栽さんの手帳は沖縄水産高校時代の1990年と91年のものでB5判6冊。2年連続で夏の全国選手権大会で準優勝を飾り、甲子園を沸かせた時のものだ。高校野球100回記念として県立博物館・美術館が6月5日から行う企画展に向け、長女の蔵当志織さんが貸し出した。
90年夏の甲子園決勝は最終回の攻撃、左翼への大飛球でゲームセットとなり、天理(奈良)に0―1で惜敗した。相手左翼手の守備位置が話題となったが、手帳を見ると、栽さん自身が試合前に「風が左から右へ」、「深く守る」と逆に自らの守りの面で注意していた様子も分かる。また「皆、いい顔をしている」「勝利は我等にある」「相手はひるんだぞ」など、栽さんがその場で感じた言葉も記されており、試合の流れを敏感に感じていたことが伝わる。

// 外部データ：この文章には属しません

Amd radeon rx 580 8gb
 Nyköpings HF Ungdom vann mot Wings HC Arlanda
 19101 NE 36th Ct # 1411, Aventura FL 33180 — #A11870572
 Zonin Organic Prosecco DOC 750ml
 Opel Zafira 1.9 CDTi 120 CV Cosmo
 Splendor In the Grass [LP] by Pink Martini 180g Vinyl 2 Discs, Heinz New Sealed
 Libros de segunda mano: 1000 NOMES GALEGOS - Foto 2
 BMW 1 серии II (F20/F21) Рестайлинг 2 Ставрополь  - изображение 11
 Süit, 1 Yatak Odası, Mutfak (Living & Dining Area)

いつも持ち歩き、選手たちにとっても走り書きする様子が気になっていたというノート。2度の準優勝を経験した大野倫さん(45)=うるま市=は「現役中は、のぞいたこともあるが、読み取れなかった。企画展前に初めて手帳の中身を拝見した。試合中の良い点、悪い点を細かくまとめている」とする。自身が今、中学硬式野球の指導者となっている点を踏まえ「試合中はベンチでにこにこだけしていた。胸の内を文字で記すことで冷静さを保っていたのだろう。客観的に試合を見ていたことが分かる。指導者として今でも手本にしたい内容だ」と感心した。
(屋嘉部長将)
◆きょう関連講座 手帳の内容紹介/県立博物館・美術館
栽弘義さんの手帳は12日午後2時から那覇市の県立博物館・美術館で行う博物館文化講座「沖縄・高校野球ネバーエンディングストーリー~熱闘 本気の夏 100回目~」の中でも内容が紹介される。6月5日からは同館で企画展「熱闘 高校野球 本気の夏 100回目」が始まり、栽さんの手帳のほかにも首里高校甲子園初出場時の日の丸への寄せ書きや興南、沖縄尚学の優勝旗レプリカ、甲子園出場高校のユニホームや写真などの資料が展示される。